Dr. Campbell Gourlay

Senior Lecturer in Cell Biology

Research Focus

Yeast Cell Biology

Scientific Activities

Campbell Gourlay began his career at The John Innes Centre in 1996 where he studied the genetic control of leaf development. Following this he began to work with budding yeast as a model eukaryote in the lab of Kathryn Ayscough, where he investigated the role of actin in the process of endocytosis. During this time he discovered a link between actin, the regulation of mitochondrial function and the control of ageing and apoptosis. This led to his involvement in the emerging field of yeast apoptosis, which has popularised the novel concept that unicellular organisms possess the ability to undergo programmed cell death as an altruistic act for the betterment of a population.

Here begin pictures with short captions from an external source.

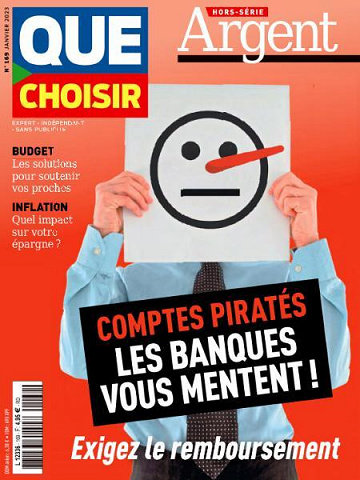 Que Choisir Argent No. 169 - comptes piratés, les banques vous mentent!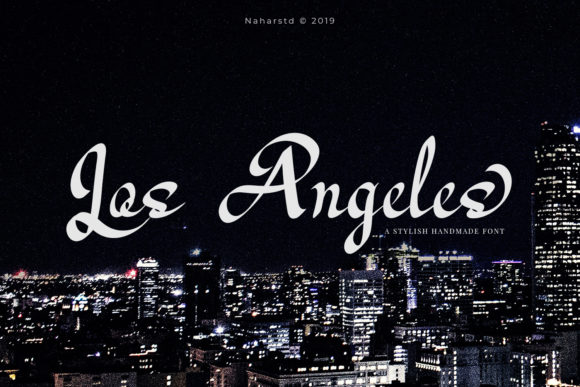 Los Angeles Font Poster 1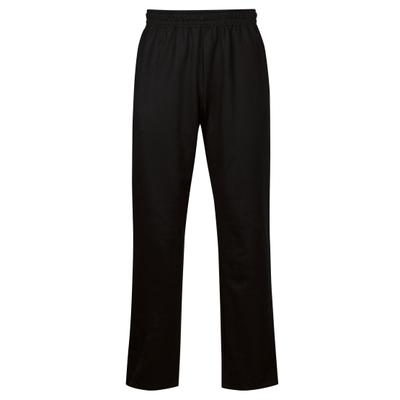 Sweathose TRIGEMA "TRIGEMA Freizeithose aus Sweat-Qualität", Damen, Gr. XS, Normalgrößen, schwarz, Sweatware, 70% Baumwolle, 30% Polyester, Hosen Sweathose
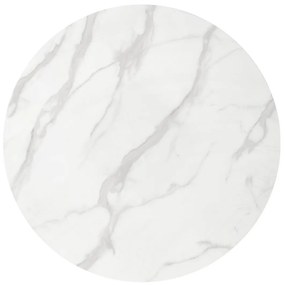 Set masa rotunda Casemiro + 3 scaune K474 crem/auriu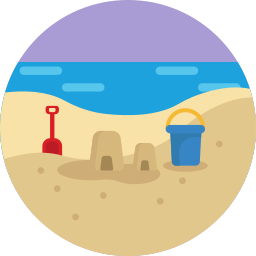 secchio di sabbia icona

In 2006 he was awarded a five year MRC Career Development Fellowship to establish his own lab within the Kent Fungal Group at the University of Kent where is now a senior lecturer in cell biology.

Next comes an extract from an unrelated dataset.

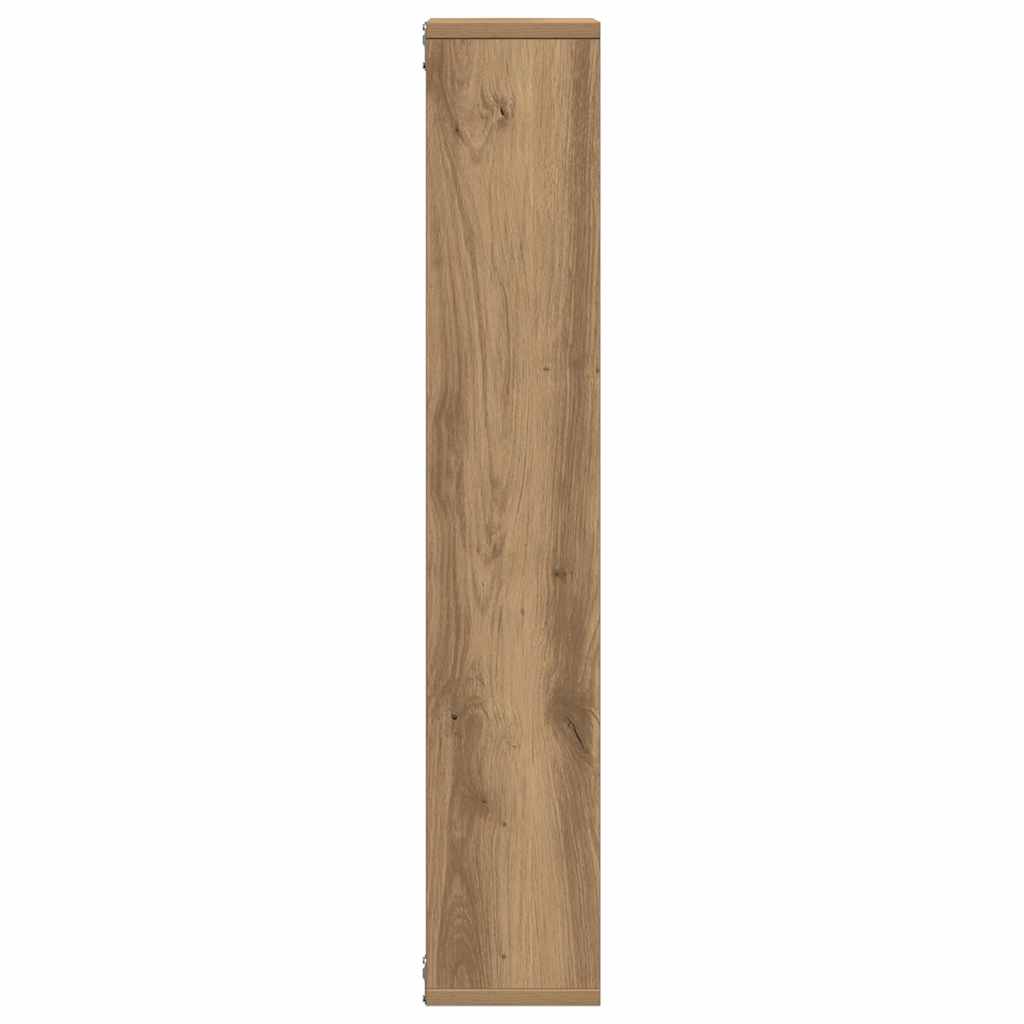 Vegghylle håndverkseik 36x16x90 cm konstruert tre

The Gourlay lab maintains a strong interest in the role that actin plays in the control of homeostatic mechanisms that contribute to healthy ageing. The lab also uses yeast as a model eukaryote to study a number of aspects of human disease. The group has also diversified to apply its understanding of yeast stress signalling processes and death to the fields of fungal pathogenesis and drug resistance. The group is also part of a multi-disciplinary team that investigates the formation, control and management of fungal biofilms on voice prosthesis in patients following total laryngectomy.

Significant Publications

arrant DJ, Stirpe M, Rowe M, Howard MJ, von der Haar T, Gourlay CW. Inappropriate expression of the translation elongation factor 1A disrupts genome stability and metabolism.  J Cell Sci. 2016 Nov 2. In Press PMID: 27807005

Bastow EL, Peswani AR, Tarrant DS, Pentland DR, Chen X, Morgan A, Staniforth GL, Tullet JM, Rowe ML, Howard MJ, Tuite MF, Gourlay CW. New links between SOD1 and metabolic dysfunction from a yeast model of amyotrophic lateral sclerosis. J Cell Sci. 2016 Nov 1;129(21):4118-4129.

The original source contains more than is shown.